§ Brief:
Using the line that contains "Oversized Organic LS" as the first line and the last line of the data as the final one, give every line in that range again exactly.

§ Data section:
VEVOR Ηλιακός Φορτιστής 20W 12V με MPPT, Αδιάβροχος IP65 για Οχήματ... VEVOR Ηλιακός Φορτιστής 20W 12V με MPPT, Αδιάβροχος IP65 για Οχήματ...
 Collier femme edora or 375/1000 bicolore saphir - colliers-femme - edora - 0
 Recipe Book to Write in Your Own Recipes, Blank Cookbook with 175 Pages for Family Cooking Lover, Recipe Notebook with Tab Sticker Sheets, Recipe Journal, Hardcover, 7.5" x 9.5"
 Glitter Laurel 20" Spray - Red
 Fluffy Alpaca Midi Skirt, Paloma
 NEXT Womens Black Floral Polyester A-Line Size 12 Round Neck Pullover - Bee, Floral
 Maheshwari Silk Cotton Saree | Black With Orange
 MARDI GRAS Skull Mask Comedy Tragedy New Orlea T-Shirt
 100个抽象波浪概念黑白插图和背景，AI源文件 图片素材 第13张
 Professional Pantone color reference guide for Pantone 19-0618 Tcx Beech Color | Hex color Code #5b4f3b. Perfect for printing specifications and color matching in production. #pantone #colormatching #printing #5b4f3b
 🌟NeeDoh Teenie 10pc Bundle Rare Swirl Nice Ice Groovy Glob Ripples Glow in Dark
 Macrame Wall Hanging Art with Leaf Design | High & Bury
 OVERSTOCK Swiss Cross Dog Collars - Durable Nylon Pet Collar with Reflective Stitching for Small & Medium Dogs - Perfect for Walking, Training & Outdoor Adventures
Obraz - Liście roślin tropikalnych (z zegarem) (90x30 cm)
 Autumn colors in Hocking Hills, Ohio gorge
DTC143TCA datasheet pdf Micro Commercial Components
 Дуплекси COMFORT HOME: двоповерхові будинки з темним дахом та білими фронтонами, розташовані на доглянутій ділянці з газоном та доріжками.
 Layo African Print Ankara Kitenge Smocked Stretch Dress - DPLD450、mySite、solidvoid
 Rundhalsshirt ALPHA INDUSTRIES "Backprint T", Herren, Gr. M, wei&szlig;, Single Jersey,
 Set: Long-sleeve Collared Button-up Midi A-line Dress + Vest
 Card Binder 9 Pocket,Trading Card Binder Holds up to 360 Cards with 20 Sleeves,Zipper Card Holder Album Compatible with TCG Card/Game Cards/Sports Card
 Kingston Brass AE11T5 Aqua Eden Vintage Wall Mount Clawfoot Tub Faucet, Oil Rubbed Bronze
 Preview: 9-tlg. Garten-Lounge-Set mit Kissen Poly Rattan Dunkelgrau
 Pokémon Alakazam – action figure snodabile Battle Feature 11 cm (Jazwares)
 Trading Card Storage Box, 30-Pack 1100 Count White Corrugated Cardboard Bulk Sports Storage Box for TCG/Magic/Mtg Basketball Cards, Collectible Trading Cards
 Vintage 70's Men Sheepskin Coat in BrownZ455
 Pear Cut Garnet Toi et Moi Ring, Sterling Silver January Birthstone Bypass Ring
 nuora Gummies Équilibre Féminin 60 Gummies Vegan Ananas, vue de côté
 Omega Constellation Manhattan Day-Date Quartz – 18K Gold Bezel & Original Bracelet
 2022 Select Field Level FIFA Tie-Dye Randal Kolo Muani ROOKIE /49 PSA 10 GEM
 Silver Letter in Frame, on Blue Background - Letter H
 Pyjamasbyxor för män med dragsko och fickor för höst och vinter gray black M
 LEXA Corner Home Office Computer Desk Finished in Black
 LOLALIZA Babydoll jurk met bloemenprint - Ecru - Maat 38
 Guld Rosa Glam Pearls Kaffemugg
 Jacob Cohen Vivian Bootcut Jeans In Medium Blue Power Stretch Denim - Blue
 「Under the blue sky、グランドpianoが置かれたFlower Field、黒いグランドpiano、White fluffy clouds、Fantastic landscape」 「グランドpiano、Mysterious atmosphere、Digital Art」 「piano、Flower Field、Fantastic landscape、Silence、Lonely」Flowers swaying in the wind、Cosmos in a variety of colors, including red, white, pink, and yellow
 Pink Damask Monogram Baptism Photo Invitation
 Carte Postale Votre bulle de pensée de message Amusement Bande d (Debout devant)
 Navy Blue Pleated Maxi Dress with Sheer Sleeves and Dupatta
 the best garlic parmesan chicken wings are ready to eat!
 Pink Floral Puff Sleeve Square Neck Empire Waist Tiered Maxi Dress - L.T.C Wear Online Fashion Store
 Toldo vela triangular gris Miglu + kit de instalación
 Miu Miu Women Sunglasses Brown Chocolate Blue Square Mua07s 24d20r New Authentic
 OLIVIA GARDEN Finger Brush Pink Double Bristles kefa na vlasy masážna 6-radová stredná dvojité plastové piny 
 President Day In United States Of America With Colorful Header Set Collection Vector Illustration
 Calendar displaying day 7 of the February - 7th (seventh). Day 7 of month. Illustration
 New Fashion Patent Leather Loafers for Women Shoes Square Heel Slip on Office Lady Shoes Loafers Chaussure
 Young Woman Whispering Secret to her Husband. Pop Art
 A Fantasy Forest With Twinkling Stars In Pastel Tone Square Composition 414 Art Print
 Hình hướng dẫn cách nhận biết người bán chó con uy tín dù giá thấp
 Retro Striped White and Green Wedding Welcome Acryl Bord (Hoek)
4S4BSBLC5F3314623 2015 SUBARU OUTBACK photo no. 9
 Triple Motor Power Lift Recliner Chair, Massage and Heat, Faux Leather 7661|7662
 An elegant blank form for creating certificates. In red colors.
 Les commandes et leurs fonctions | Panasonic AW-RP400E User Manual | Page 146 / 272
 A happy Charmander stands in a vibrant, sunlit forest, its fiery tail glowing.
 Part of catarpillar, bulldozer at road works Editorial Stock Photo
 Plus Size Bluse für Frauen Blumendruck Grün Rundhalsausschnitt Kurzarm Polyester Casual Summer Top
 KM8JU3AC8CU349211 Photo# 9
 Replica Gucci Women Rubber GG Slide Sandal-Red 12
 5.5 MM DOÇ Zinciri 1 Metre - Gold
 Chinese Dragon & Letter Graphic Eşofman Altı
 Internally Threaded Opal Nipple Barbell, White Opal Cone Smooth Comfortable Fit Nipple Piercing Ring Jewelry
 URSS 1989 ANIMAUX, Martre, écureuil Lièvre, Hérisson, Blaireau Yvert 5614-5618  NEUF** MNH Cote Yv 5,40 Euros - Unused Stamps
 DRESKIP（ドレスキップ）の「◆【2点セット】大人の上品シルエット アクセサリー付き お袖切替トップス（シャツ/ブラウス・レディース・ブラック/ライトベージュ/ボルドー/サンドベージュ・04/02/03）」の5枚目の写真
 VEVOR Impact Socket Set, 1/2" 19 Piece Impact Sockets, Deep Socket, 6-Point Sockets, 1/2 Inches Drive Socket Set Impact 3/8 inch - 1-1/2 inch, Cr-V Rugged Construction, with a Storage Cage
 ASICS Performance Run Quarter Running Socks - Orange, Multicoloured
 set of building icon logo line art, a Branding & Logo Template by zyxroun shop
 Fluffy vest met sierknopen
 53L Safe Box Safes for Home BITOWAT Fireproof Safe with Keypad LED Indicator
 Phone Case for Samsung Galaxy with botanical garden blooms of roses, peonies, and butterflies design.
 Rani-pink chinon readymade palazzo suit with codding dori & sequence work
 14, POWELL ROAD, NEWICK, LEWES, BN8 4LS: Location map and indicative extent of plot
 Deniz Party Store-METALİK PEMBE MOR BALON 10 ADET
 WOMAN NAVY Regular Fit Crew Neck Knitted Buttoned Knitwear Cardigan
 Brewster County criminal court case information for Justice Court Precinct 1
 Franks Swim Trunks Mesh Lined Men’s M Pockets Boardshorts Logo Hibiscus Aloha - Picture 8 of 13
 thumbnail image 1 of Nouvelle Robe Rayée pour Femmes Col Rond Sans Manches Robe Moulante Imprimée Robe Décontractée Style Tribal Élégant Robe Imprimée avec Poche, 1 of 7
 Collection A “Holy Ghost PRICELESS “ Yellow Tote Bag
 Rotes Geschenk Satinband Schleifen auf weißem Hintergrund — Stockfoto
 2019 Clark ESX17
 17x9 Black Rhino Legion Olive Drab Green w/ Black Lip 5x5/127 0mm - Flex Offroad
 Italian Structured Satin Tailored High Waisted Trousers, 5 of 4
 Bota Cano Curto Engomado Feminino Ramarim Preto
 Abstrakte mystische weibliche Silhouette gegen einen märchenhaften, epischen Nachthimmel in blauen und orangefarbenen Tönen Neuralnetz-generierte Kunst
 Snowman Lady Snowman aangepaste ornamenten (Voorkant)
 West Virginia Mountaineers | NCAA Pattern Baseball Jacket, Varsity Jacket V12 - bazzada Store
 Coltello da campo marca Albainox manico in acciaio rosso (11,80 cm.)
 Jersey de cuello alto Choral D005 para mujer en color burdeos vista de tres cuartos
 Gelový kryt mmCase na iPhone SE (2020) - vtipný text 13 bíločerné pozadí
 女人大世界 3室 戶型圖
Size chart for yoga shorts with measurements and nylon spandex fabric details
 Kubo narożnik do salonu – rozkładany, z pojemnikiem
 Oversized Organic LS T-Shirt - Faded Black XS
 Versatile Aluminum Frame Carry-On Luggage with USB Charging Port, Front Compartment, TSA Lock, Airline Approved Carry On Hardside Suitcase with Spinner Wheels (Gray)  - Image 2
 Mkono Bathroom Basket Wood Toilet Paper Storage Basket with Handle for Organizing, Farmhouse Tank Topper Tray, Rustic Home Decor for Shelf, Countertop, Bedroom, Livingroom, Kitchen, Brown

§ Output of the task:
 Oversized Organic LS T-Shirt - Faded Black XS
 Versatile Aluminum Frame Carry-On Luggage with USB Charging Port, Front Compartment, TSA Lock, Airline Approved Carry On Hardside Suitcase with Spinner Wheels (Gray)  - Image 2
 Mkono Bathroom Basket Wood Toilet Paper Storage Basket with Handle for Organizing, Farmhouse Tank Topper Tray, Rustic Home Decor for Shelf, Countertop, Bedroom, Livingroom, Kitchen, Brown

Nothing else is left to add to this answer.